Este ensaio tem a finalidade de discutir sobre A nascente, suas representações de independência versus conformidade, como podemos destacar na idealização de Howard Roark e Peter Keating a discussão acerca do senso-comum de que “a vida requer concessões” e como ele está originalmente equivocado.

PALAVRAS-CHAVE: Independência. Rand. A nascente. Roark. Keating. Idealização. Liberdade.

1 INTRODUÇÃO

Pode-se considerar todo romance de Ayn Rand como uma explicação do homem ideal da filosofia objetivista, no entanto, é em A nascente que pela primeira vez esse ideal é transformado por completo na representação de um herói. A idealização de Howard Roark, representada em cada diálogo desafia o leitor ao questionamento pessoal sobre as causas e razões presentes na trama, a essência dos personagens, valores e ideais que englobam toda a filosofia objetivista. Só então, poderemos entender como Roark é a idealização da liberdade, independência e de um espírito racional, enquanto seus coadjuvantes como Peter Keating com sua conformidade e dependência e o antagonista Ellsworth M. Toohey com seu altruísmo, que juntos representam a antítese do homem ideal da Rand.

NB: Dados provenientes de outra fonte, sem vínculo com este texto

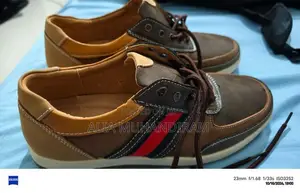 Roybonbirr Casual Sneakers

Segundo Rand, independência é “– a aceitação da responsabilidade de formar seus próprios julgamentos e de viver pelo trabalho de sua própria mente”. A independência é, portanto, uma bússola sobre à realidade que requer julgamentos racionais para se buscar sua felicidade baseada em seus valores, visão e trabalho. É por meio do seu independente herói, Howard Roark, que Rand oferece um retrato da independência sobre a dependência dos outros personagens na obra. Em contrapartida, a dependência e conformidade é o ato de viver não por julgamentos baseados em seus próprios valores e ideias, mas pela função de viver dos outros, sua necessidade básica é a visão do indivíduo como servo dos homens que dê mais importância aos outros que a si próprio, suas escolhas, seu trabalho e sua forma de agir são reféns da vontade dos seus irmãos. É por meio da conformidade, de Peter Keating, que Rand oferece uma visão da dependência e concessões que tornam o homem como meio para fins alheios. Essa diferença é demonstrada em uma das falas de Roark durante seu julgamento no tribunal – “O criador vive em função do seu trabalho. Ele não precisa de ninguém. Seu objetivo principal está dentro de si mesmo. O parasita vive em função dos outros. Ele precisa dos outros. Os outros são a sua motivação principal.”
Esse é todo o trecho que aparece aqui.